8. the ides of march (2011)

amerikan politik sistemini ve işleyişini bilen, ve yavaş soluklu filmleri seven herkese önerebilirim. içinde zerre kadar aksiyon olmasa da insanı heyecanlandırmayı başarabilen güzel bir yapıt. george clooney ve phillip seymour hoffman her zamanki gibi çok iyiler, ama bir gerçek var ki bu film bu iki efsanevi isme rağmen ryan gosling show havasında. george clooney yönetmen koltuğunda bence yine oldukça başarılı, eğer yine kendisinin yönettiği good night and good luck hoşunuza gittiyse, bu filmin de hoşunuza gitme ihtimali yüksek.

7. the big short (2015)

çok sevdim. zaten içinde ryan gosling, christian bale, steve carell olan bir filmi sevmeme ihtimalim sıfıra yakın. film, özellikle bankacılar için belgesel niteliğinde. finansçılar için üniversite hayatında enron the smartest guys in the room neyse, the big short da ilerleyen dönemlerde 2008 krizini anlaşılabilir kılmak için bir nesle ışık tutacaktır. çok sevdim demiş miydim? 8/10.

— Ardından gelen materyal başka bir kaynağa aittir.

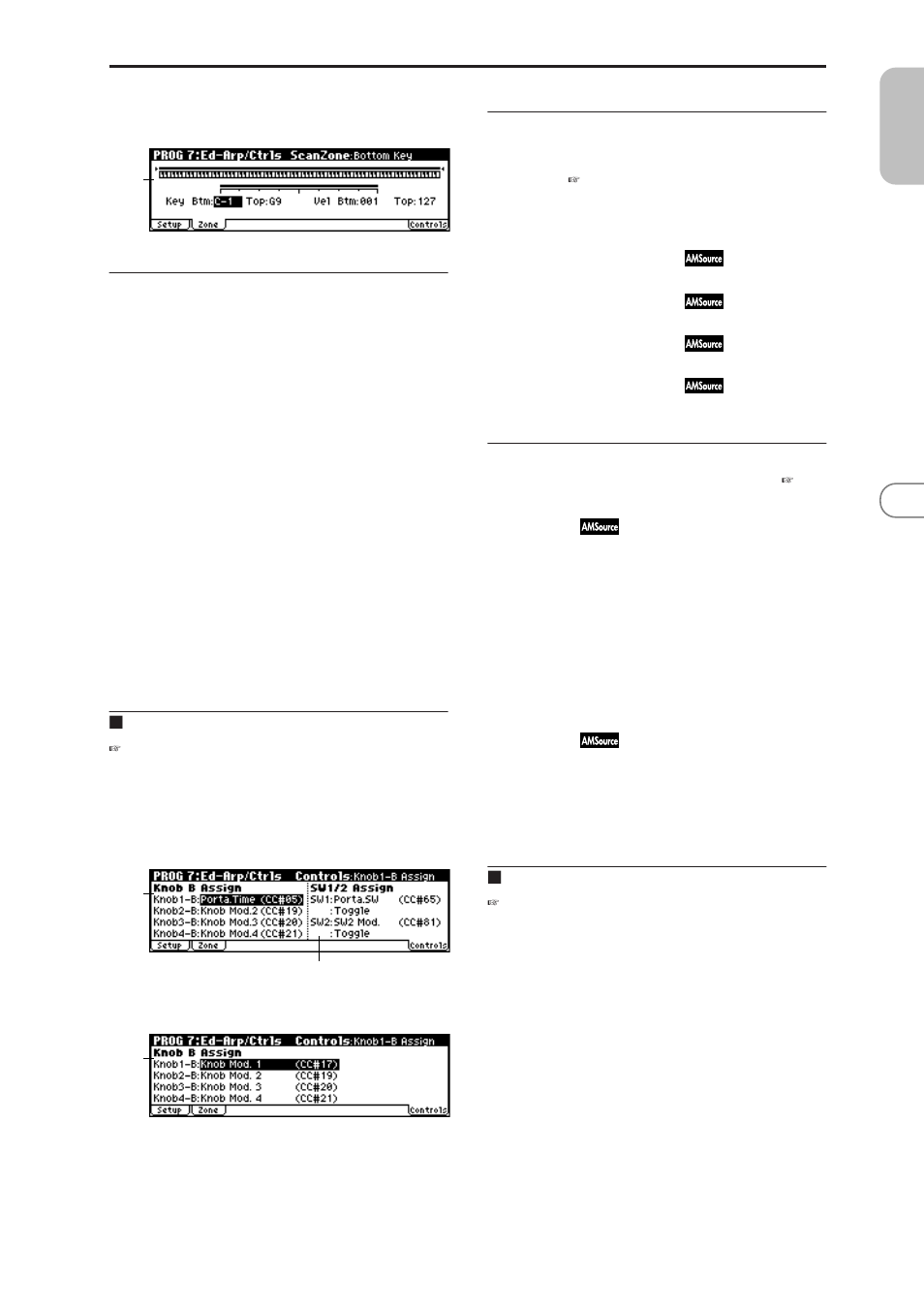 2: zone (scan zone), 3: controls, 7–2: zone (scan zone) | 7–3: controls, 7–2: zone, X50 microx | KORG MICROX X50 User Manual | Page 34 / 194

6. lars and the real girl (2007)

ryan gosling'in en dikkat çekici performansını sergilediğini düşündüğüm, oyuncu seçimi konusunda oldukça başarılı bir bağımsız film. yönetmenin bir dergide tesadüfen gördüğü ve çok etkilendiği bianca ise ancelina coli'yi aratmacak kadar kusursuz yüz hatlarına sahip ve filmdeki o muhteşem performansı ile değme oyunculara taş çıkartmakta. kendisi her yönetmenin mutlaka bir kez çalışmak isteyeceği türden bir oyuncu.

5. la la land (2016)

açılış sahnesiyle bir anda içine alıveren, bütün bu tatsız olaylar üstüne bünyeye neşe, enerji pompalayan, emma stone ve ryan gosling'in kimyalarının çok çok çok uyumlu olduğunu tekrar görmemizi sağlayan 2016'nın bence en iyi filmidir.

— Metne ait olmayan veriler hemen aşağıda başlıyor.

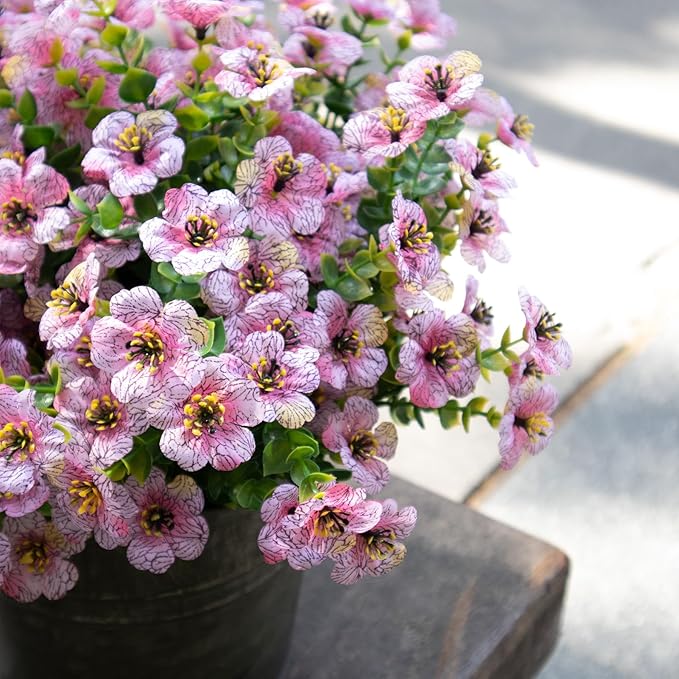 Faux Flowers for Outdoor Planters, Artificial Flowers for Outdoors, 12 Bundles Outdoor Indoor Uv Resistant, Artificial Flowers for Decoration, Pink, Silk Faux Spring Flowers for Outside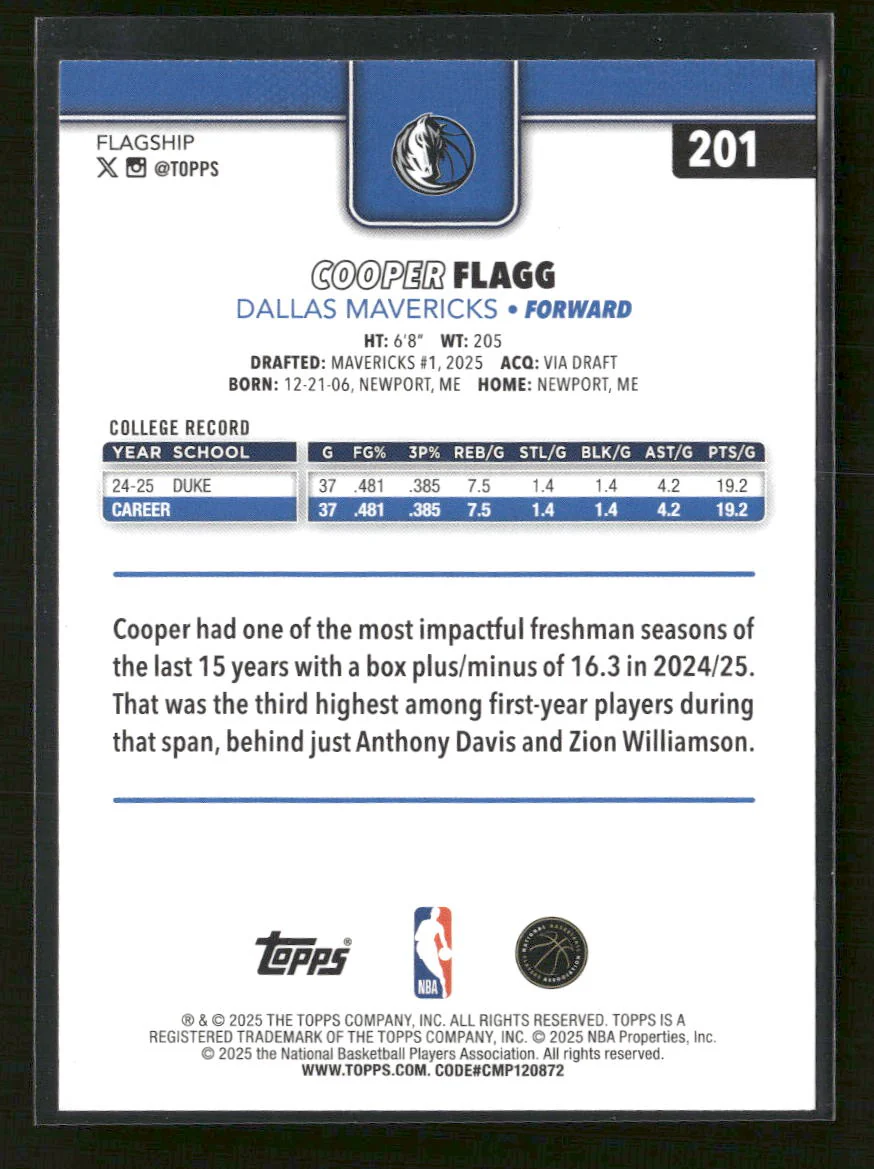 2025-26 Topps Cooper Flagg Rookie #201 - Image 2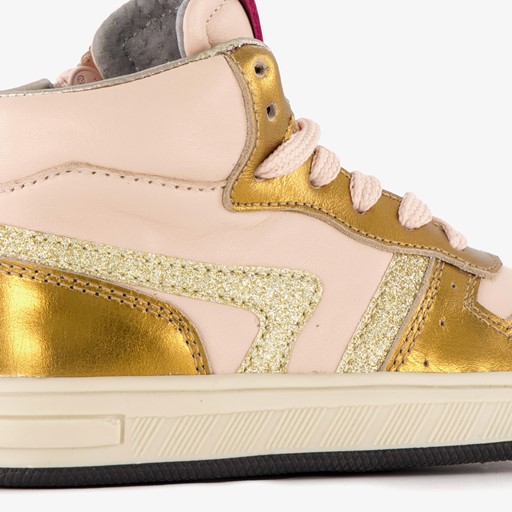 Hoge leren meisjes sneaker roze goud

kostüm, ses miksajı, film, görüntü yönetmenliği, kadın ve erkek başrollerde oscar adaylığı olacağına aşırı inandım. yılın en iyileri denilen filmlerin de çoğunu izledim ancak bu kadar akılda kalıcı etki yaratan olmadı.

4. half nelson (2006)

yetişkin olmak-çocuk kalmak... büyümek ve büyümemek arasında kalmakla ilgili bir film sanki... bir yanda çocuk yaştaki drey'in büyüklerin dünyasında erken büyümüş olması, olaylarda bir yetişkin gibi takındığı tavırlar... diğer yanda olgun olmasını beklediğimiz lise öğretmeni dan'in çocukluk ve yetişkinlik arasında arafta kalmışlığı...

izlenilesi, hoş film...

3. blade runner 2049 (2017)

2017 yılının en önemli sinema olayı olarak nitelediğim neo-noir bilimkurgu filmi. ilk fragmanı yayınlandığından beri defalarca izlesem de izlemeye doyamadım. ridley scott anıtsal filminin devam projesini çok doğru ellere emanet etmiş. denis villeneuve, jóhann jóhannsson ve roger deakins müthiş bir uyum yakalamışa benziyor. başroldeki ryan gosling de filmin ruhuna çok uygun bir personaya sahip. orijinal filmin hem prodüksiyon tasarımına, hem müziklerine, hem de sinematografisine sadık kalınmış ve üzerine de bir şeyler katılmış gibi görünüyor. henüz karakterlerden sadece ikisini görsek de, aralarında geçen ve sadece birer kısa cümleden ibaret olan diyalog bile tüyler ürpertici olmak için yeterli.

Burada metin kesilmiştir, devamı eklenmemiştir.